BRILLIANT BRL-92771/CD5

 ロストロポーヴィチが鬼籍に入ったのが2007年、自分のイメージとしては1960年代30〜40歳代の演奏がもっとも脂がのっていた、と感じます。米PIPELINEは旧ソヴィエット時代の膨大なる放送音源を所有していて、現在はBRILLIANTにてCD化されております。2000年代初頭に発売された韓国YedangClassicsには粗雑な編集(音源選定/拍手の中途半端な削除)に苦しめられました。こちら良心的と思いますよ。この3曲収録の一枚は良心的な音質、滅多に聴く機会のない珍しい作品も愉しめます。

 著名なるShostakovich〜これがもの凄い。モノラル、やや遠い感じの音録りだけれど、奥行きもあってけっこう鮮明です。冒頭から例の如し、シニカルなユーモラスを感じさせる旋律スタート、その緊張感とキレ味たるや尋常に非ず。第2楽章「モデラート」は、ロシアン・ホルンの濃厚かつ無遠慮なホルンに仰け反ります。そこに朗々纏綿たるチェロが(イヤらしいほどセクシーに)絡みます。第3楽章「カンデツァ」の壮絶なる技巧はかつて聴いたことがない、ほとんど開いた口が塞がらぬほど・・・

 終楽章のティンパニは(先のホルン同様)無遠慮前面に立ってびしばし叩き付け、チェロのスピード冴えは「ハイフェッツもかくや!」と思わせるほど。たっぷり濃厚、官能性前面、お下品と感じる人もいるやろうなぁ。嗚呼、疲れた。

 Tishchenko(ボリス・ティシュチェンコ)はShostakovichの弟子筋の人らしい。ほとんど現代の人ですね。かなり前衛的、不協和音っぽいソロが冒頭から延々、朗々、しつこく続きます。やがて管楽器が似たようなテイストで絡み合って参入、暗鬱難解重厚晦渋な雰囲気、ほとんどどっぷり。こうしてロストロポーヴィチは、新しいレパートリーに常に取り組んでおったのだね。やがて金管は(暗鬱難解重厚晦渋なまま)激しく盛り上がって、ついに打楽器も参加。チェロの超スロウ・ポルタメントの効果(凄いテクニック)激しく、金管の緊張感いや増すばかり・・・

 全22:49。未知の作品をしっかり聴くのは音楽への緊張感維持の基本行為であります。

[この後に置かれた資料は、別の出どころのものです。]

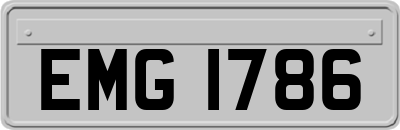 EMG1786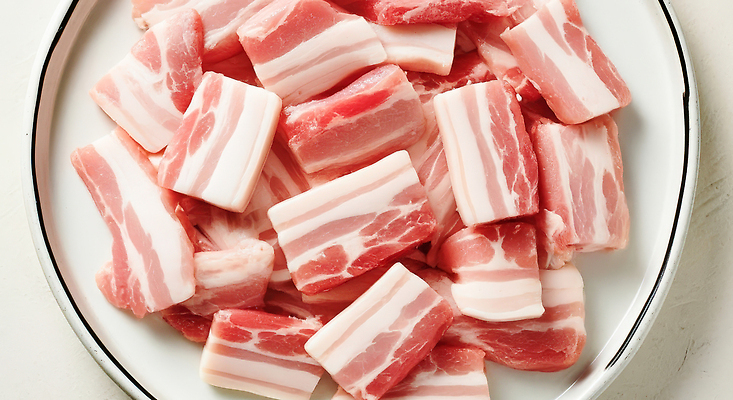 JPG 편집이미지 접시 한식 음식 재료 가족 식탁 육류 요리 식사 신선 맛 구이 삼겹살 편집실사 AI포토 AI콘텐츠 식기 컨셉 식재료 관계 탁자 돼지고기 CG 파일형식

 Vlasov(ヴィクトール・ヴラソフ)に至ると、ほとんど名前さえ初耳。Movement1/2/3から成り立つ、映画音楽風勇壮+甘美な安らぎ、わかりやすい旋律連続、かなり保守的な24分ほどの作品也。その合間にロストロポーヴィチの妙技が挟まる、といった風情であります(Movement1)。Movement2は静謐な子守歌風であり、Movement3は高音短いパッセージを自在に操るソロの妙技が幻想的に響きました。まさに甘美な映画音楽風、そしてユーモラスなリズム感。